**Aim of the exercise**: First find the line with "Ferienhaus Tschoueilles 013", then reproduce it and all following lines of the data to the end, exactly and with no pictures, adding nothing.

________

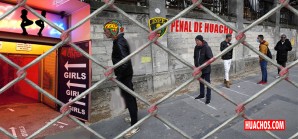 Servicios especiales para los internos en el Penal de Huacho Servicios especiales para los internos en el Penal de Huacho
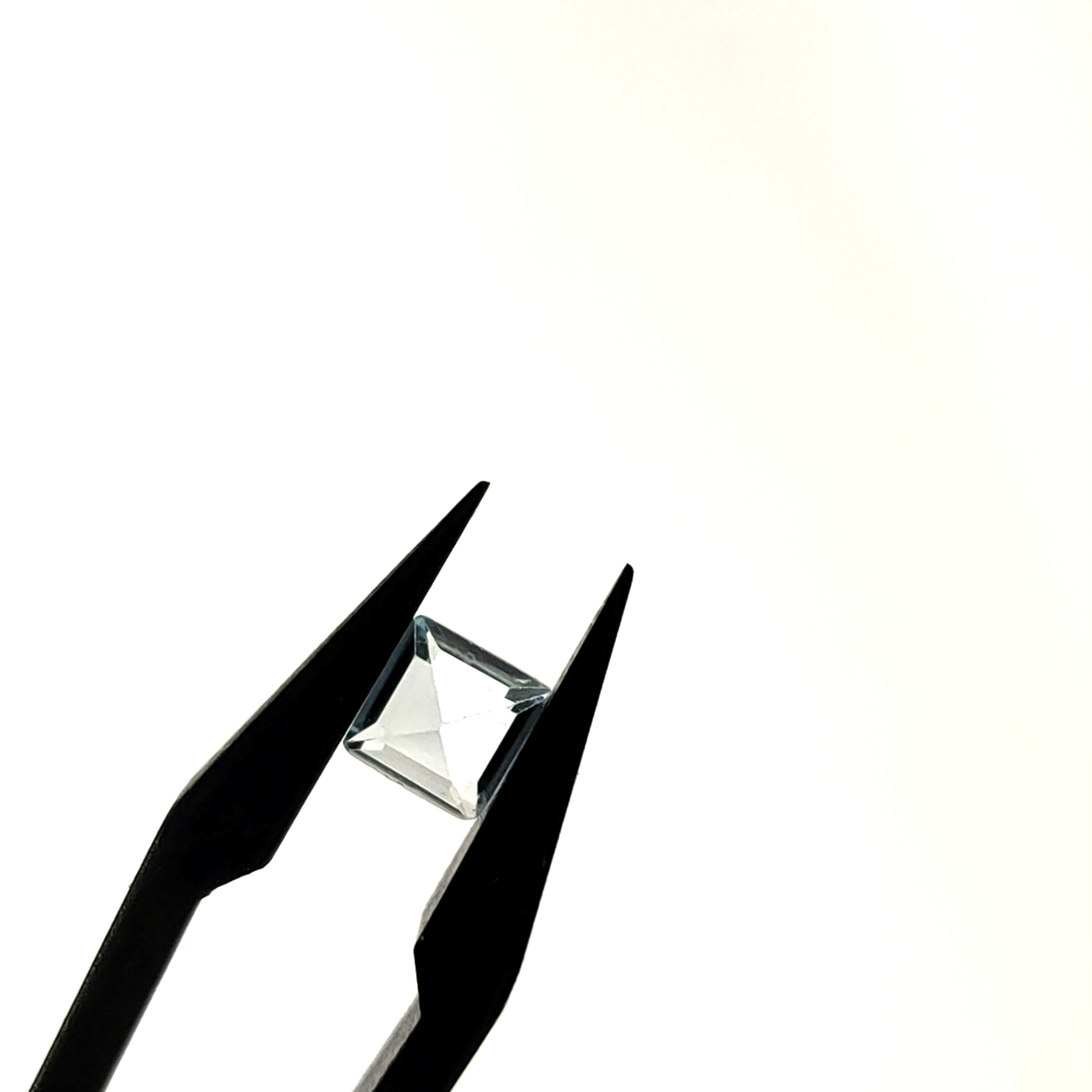 Sky Blue Topaas 5x2.9-3.6 mm | gef. carre | LE0184-188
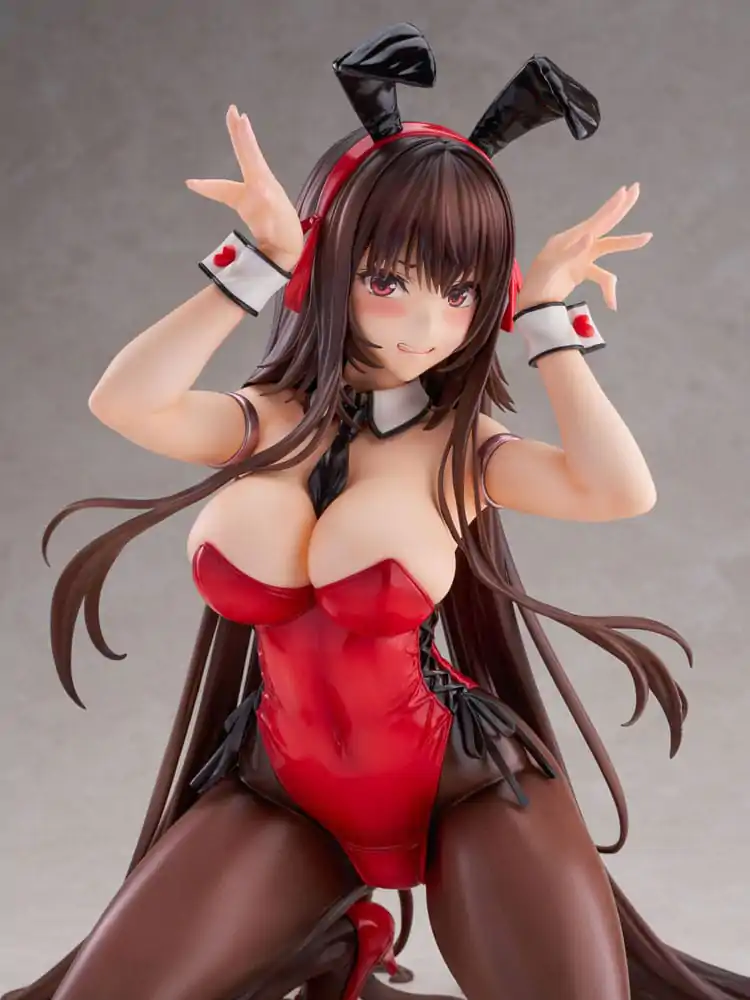 Amakano 2+ PVC Kip 1/4 Yuuhi Kurohime Zajčja Obleka Ver. 32 cm fotografija izdelka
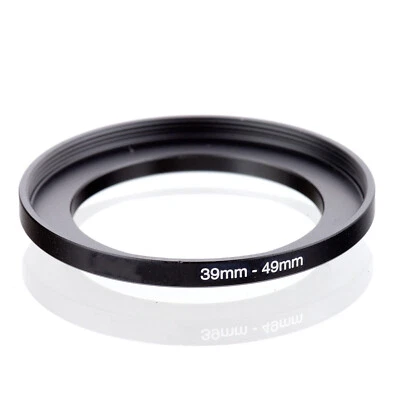 1/5/10 Pcs 39mm to 49mm 39-49mm39mm-49mm Stepping Step Up Filter Ring Adapter - Image 1 of 3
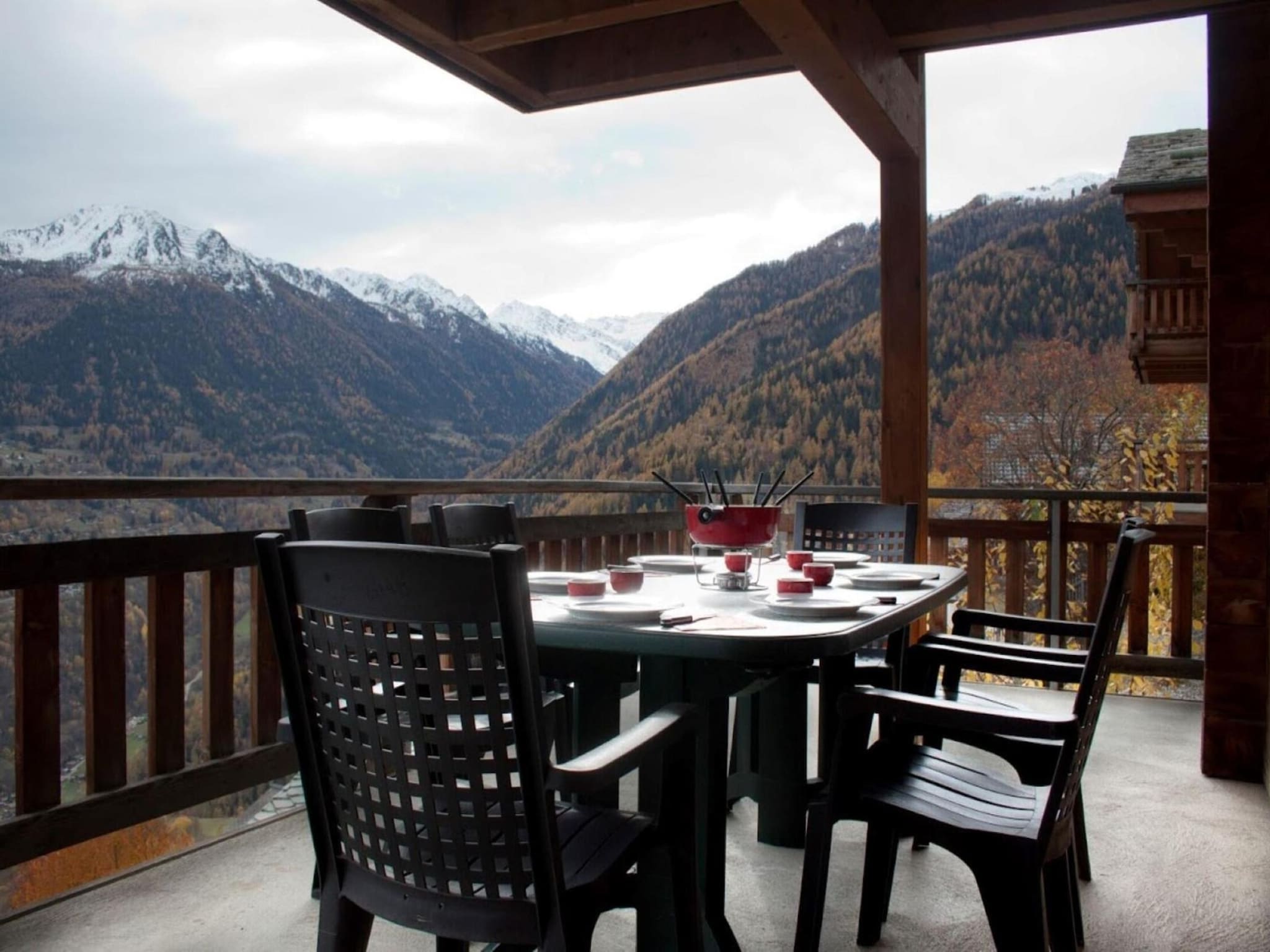 Ferienhaus Tschoueilles 013 MOUNTAIN & VIEW - chalet 12 pers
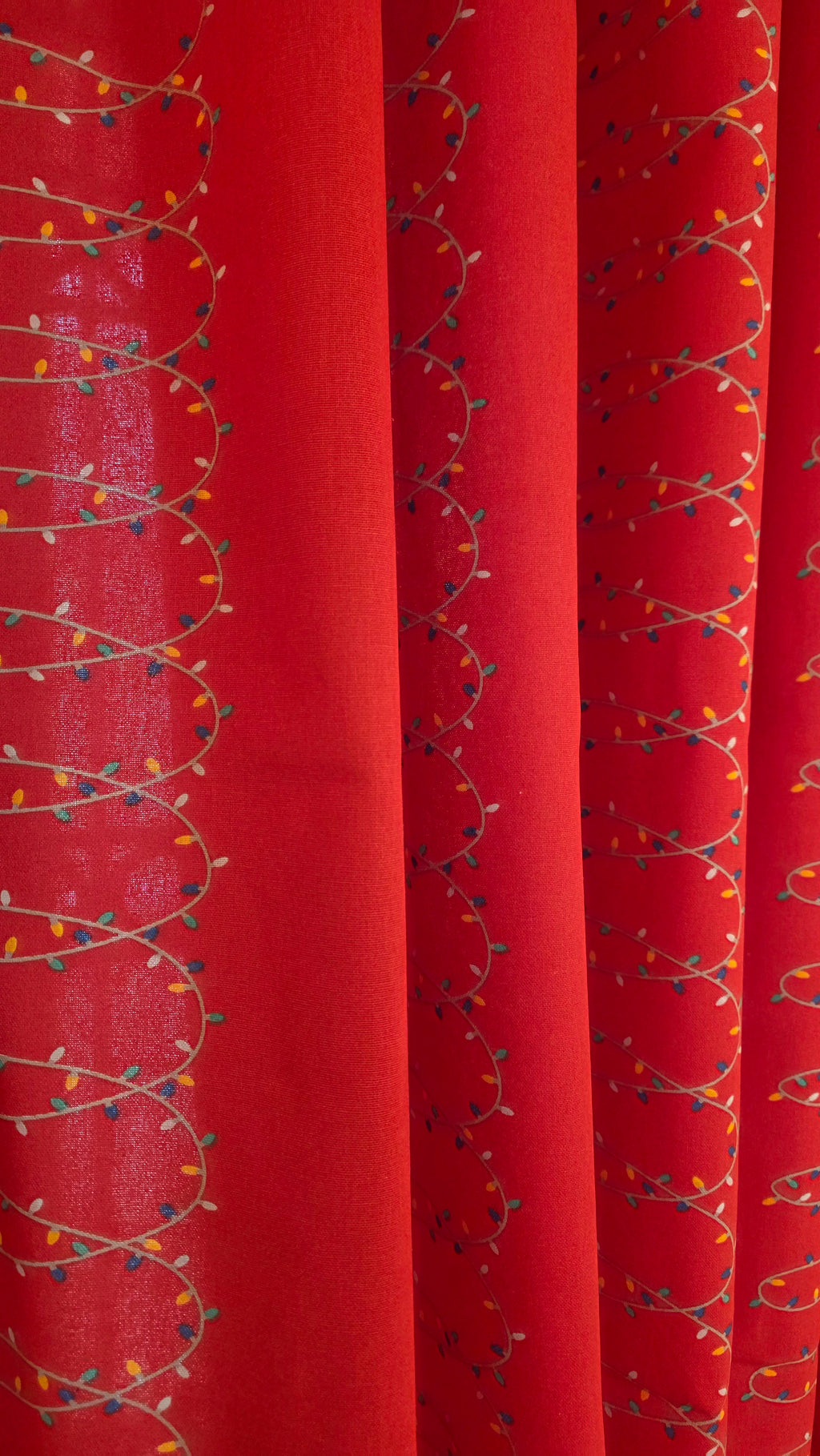 Cotton Curtains - 7 ft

________

**Your response**:
 Ferienhaus Tschoueilles 013 MOUNTAIN & VIEW - chalet 12 pers
 Cotton Curtains - 7 ft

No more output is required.